Neben breiter Solidarität bekommen Sie bei einem Interview mit einem Leitmedium dann die Frage gestellt, ob es Situationen gab, in denen „Sie selbst vielleicht zu emotional argumentiert haben und damit – wenn auch nicht gegen Minderheiten gerichtet – ebenfalls zu einer hitzigen Debatte beigetragen haben“. Sie finden diese Vorstellung unfassbar? Verständlich. Leider ist das aber keine ausgedachte Gruselgeschichte. Genau das passierte vergangene Woche dem SPD-Politiker Karamba Diaby.
Mittlerweile hat die Zeit-Online-Redaktion selbst gemerkt, dass diese nachträglich gestellte Frage geschmacklos ist und in einem Gespräch nach so einem Anschlag nichts zu suchen hat. Die Frage ist jetzt draußen, der Abgrund zwischen Betroffenen solcher Gewalt und den anderen bleibt jedoch.
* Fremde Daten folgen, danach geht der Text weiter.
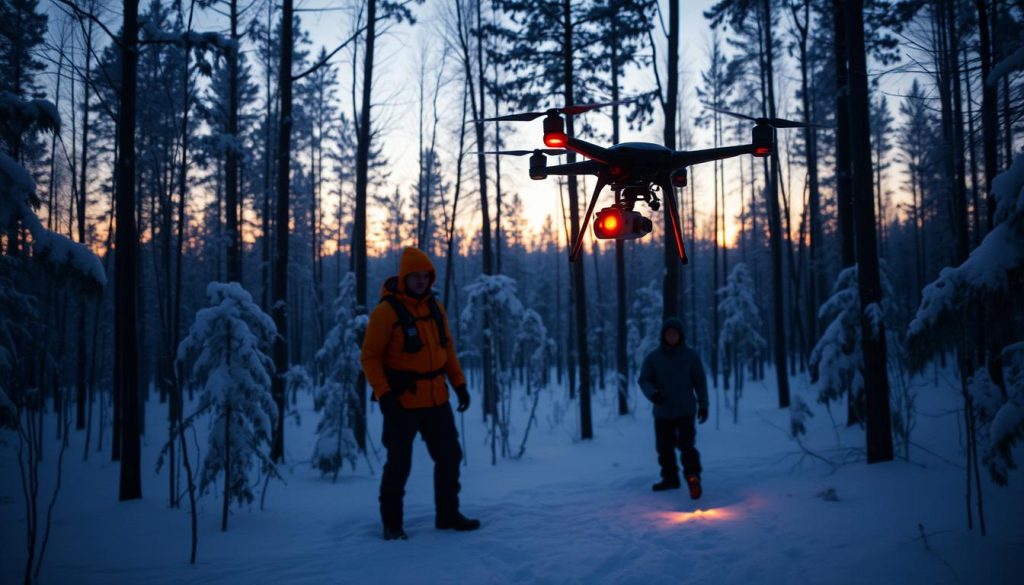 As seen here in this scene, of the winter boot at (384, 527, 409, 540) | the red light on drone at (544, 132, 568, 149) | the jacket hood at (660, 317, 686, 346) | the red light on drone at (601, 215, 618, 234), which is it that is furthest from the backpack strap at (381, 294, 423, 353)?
the jacket hood at (660, 317, 686, 346)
Wer schon mal einem Erguss aus Beleidigungen, Gewalt- und Mordandrohungen als Reaktion auf die eigene Arbeit erhalten hat, kennt es. Es gehört schon fast dazu, neben Solidarität auch Victim-Blaming zu bekommen, also Opferbeschuldigungen. Klassiker dieser Shitshow-Hitparade sind Sprüche wie „Aber du teilst auch ganz schön aus!“, „Wie man in den Wald hineinruft, so schallt es heraus“, „Wer so provoziert, muss auch Gegenreaktionen aushalten können“ oder, bei sexualisierter Gewalt etwa, „Aber was hattest du an?“. Bedingungslose Solidarität – oder soll man’s lassen? Die Sätze implizieren, dass die erfahrene Gewalt eine adäquate Reaktion auf die „Provokation“ der Betroffenen sei. Die „Provokationen“ wären dann der Minirock, die Bezeichnung von weißen Deutschen als „Kartoffeln“ oder ein legeres „Refugees welcome“.
Ganz ehrlich: Warum sollen immer die Opfer Gewalt aushalten können, aber die Täter_innen können nicht einfach mal aushalten, dass eine Frau ihr Outfit nicht für ihre geiernden Blicke trägt, dass Marginalisierte nach lebenslänglichen Antisemitismus- oder Rassismuserfahrungen Witze über die Mehrheitsgesellschaft machen, dass jemand der Menschenfeindlichkeit von Rechten widerspricht? Wer die Schuld nicht ausschließlich bei den Täter_innen sieht, muss woanders suchen als bei den Opfern. Schuld tragen nämlich auch diejenigen, die diese Gewalt legitimieren und verteidigen.